Task details. Apart from the pictures, print the data below exactly as given.

Given information.
___
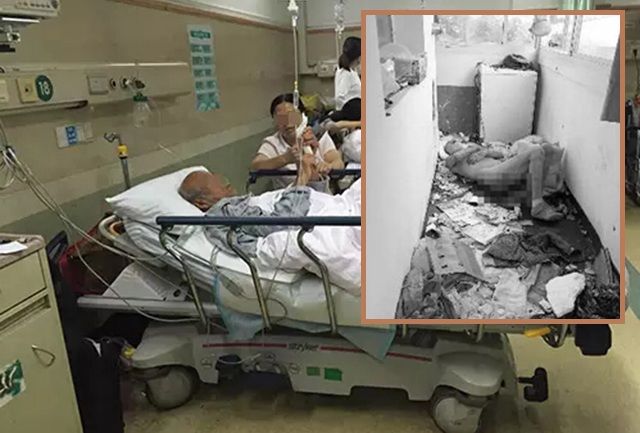 
Cụ ông được phát hiện nằm liệt trên sàn ban công bẩn thỉu trước khi được xe cấp cứu đưa vào bệnh viện.
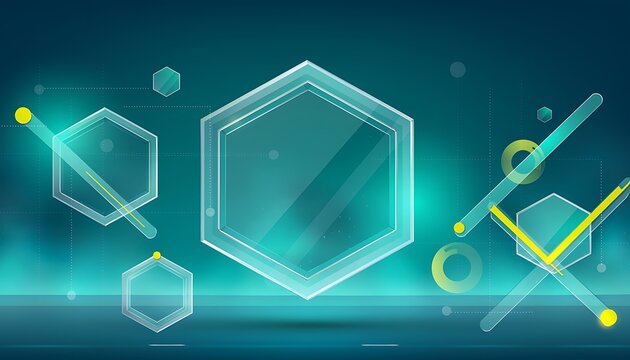Abstract glowing hexagons on a dark teal background with lines and nodes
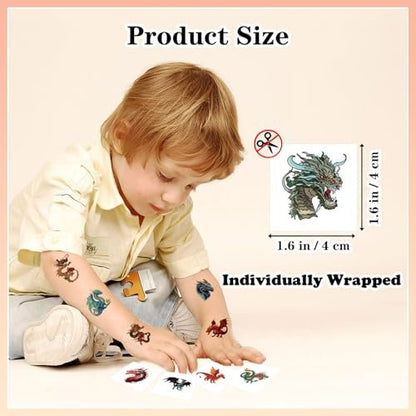 102 PCS Individually Wrapped Dragon Temporary Tattoos for Kids – Cute Dragon Tattoo Stickers for Body, Arm, Shoulder | Birthday Party Supplies & Gifts for Boys and Girls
___
Reply to the task.
Cụ ông được phát hiện nằm liệt trên sàn ban công bẩn thỉu trước khi được xe cấp cứu đưa vào bệnh viện.
Abstract glowing hexagons on a dark teal background with lines and nodes
 102 PCS Individually Wrapped Dragon Temporary Tattoos for Kids – Cute Dragon Tattoo Stickers for Body, Arm, Shoulder | Birthday Party Supplies & Gifts for Boys and Girls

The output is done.